The reason that we have terms like "accepted practice" is because "best practice" is just too damned inconvenient.
--- Quote from: ChadTower on September 18, 2008, 02:52:34 pm ---I don't really agree... a list of random strings of gibberish without context is pretty damn secure. Obfuscation and lack of context is powerful. You may even say it is... encrypted. Now, odds are extremely low that someone with the ability would ever find that thumb drive should he lose it. But if they did, and on a college campus those odds are much higher than elsewhere, there are cracking apps specifically designed to do this particular job. And it's a plug it in, start the process, and leave it there unattended process, which means it is certainly possible. At best the two methods are a push, IMO, unless he's dumb enough to list URLs next to the passwords on his paper.
--- End quote ---
How can you on one hand argue that "a list of random strings of gibberish" is "pretty damn secure", but not see that an "encrypted list of random strings of gibberish" is more secure ?

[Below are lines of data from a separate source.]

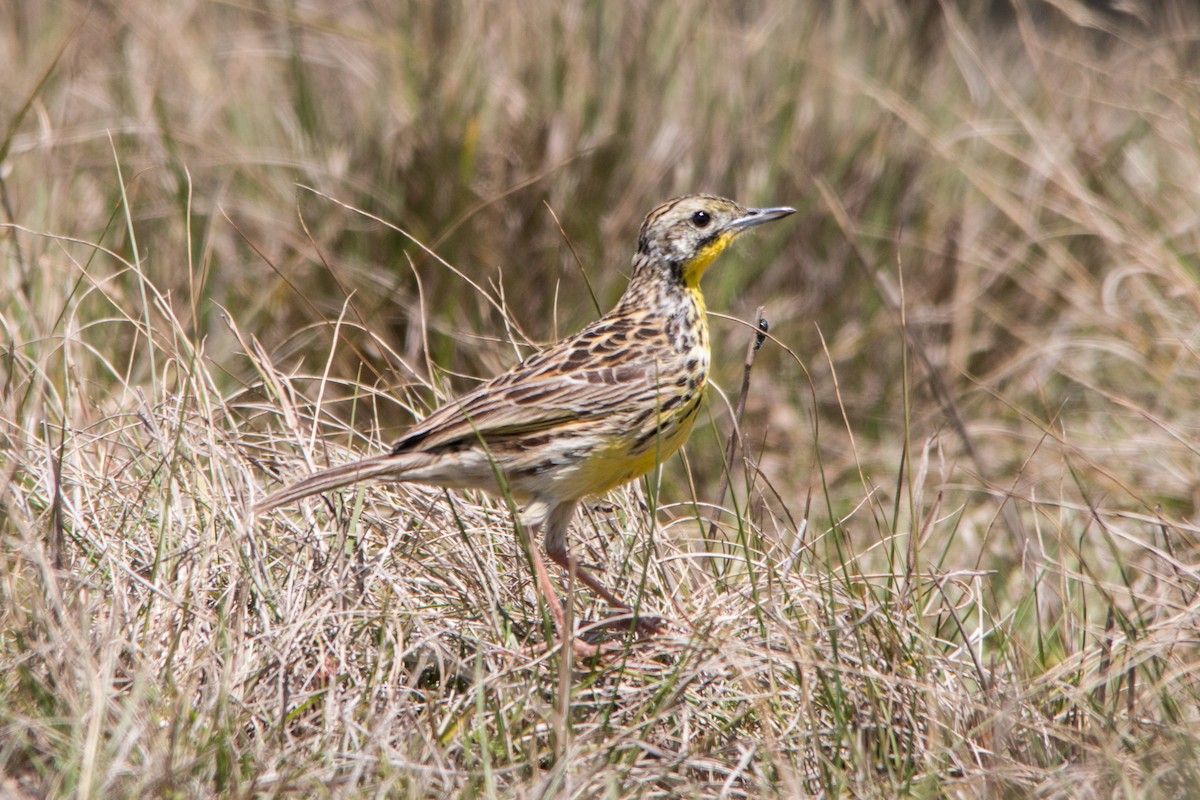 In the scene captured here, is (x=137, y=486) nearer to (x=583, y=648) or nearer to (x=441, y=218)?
(x=583, y=648)

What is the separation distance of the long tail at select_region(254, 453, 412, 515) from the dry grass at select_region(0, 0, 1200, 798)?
12 cm

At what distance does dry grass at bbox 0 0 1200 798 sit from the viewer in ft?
11.8

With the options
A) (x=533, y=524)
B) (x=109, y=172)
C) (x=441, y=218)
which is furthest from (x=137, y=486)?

It's not a push, although the real effective difference may be negligible -- in his case, he is far (!) more likely to get picked off with a keylogger than to have somebody find his ratty piece of paper or decrypt his password repository.
ChadTower:
I'd have more comments but it's a ---smurfy--- day at work and I'm probably way too pissed off about that to keep this level. I'm out. :)
leapinlew:
--- Quote from: ChadTower on September 18, 2008, 02:52:34 pm ---I don't really agree... a list of random strings of gibberish without context is pretty damn secure. Obfuscation and lack of context is powerful. You may even say it is... encrypted.
--- End quote ---
YOU might say it's encrypted, but it's not and we aren't allowed to operate in a "pretty damn secure" environment. There are rules to secure systems. Writing down a password and sticking it to the monitor will get you fired in many environments, and it's against the law in others. You may have done some corporate security for your company, but some of us have to work within the confines of DCID 6/3, Sarbanes Oxley, Safe Harbor, or HIPAA where logic need not apply.
CheffoJeffo:
--- Quote from: leapinlew on September 18, 2008, 03:43:17 pm ---some of us have to work within the confines of DCID 6/3, Sarbanes Oxley, Safe Harbor, or HIPAA where logic need not apply.
--- End quote ---
:laugh2:
Thanks Lew -- that brought a smile to my face ... as I look forward to my impending SOX audit ... :badmood:
xar256:
--- Quote from: ChadTower on September 18, 2008, 03:40:29 pm ---
I'd have more comments but it's a ---smurfy--- day at work and I'm probably way too pissed off about that to keep this level. I'm out. :)
--- End quote ---
Somehow, I think we'll manage without you on this one. ::)
--- Quote from: patrickl on September 18, 2008, 03:22:15 pm ---Even if you do your best at protecting everything, a rogue website, virus or a hacker might break your security. An unencrypted password list is then completely open. A properly encrypted password repository is not something that you simply break. It would take a brute force attack that can last decades to finish (if you choose that password properly).
--- End quote ---
That's a part of why I recommended Password Safe. It encrypts you Password Database using the Twofish encryption algorithm. Plus there is a U3 version available as well, should you want to keep everything on the key itself.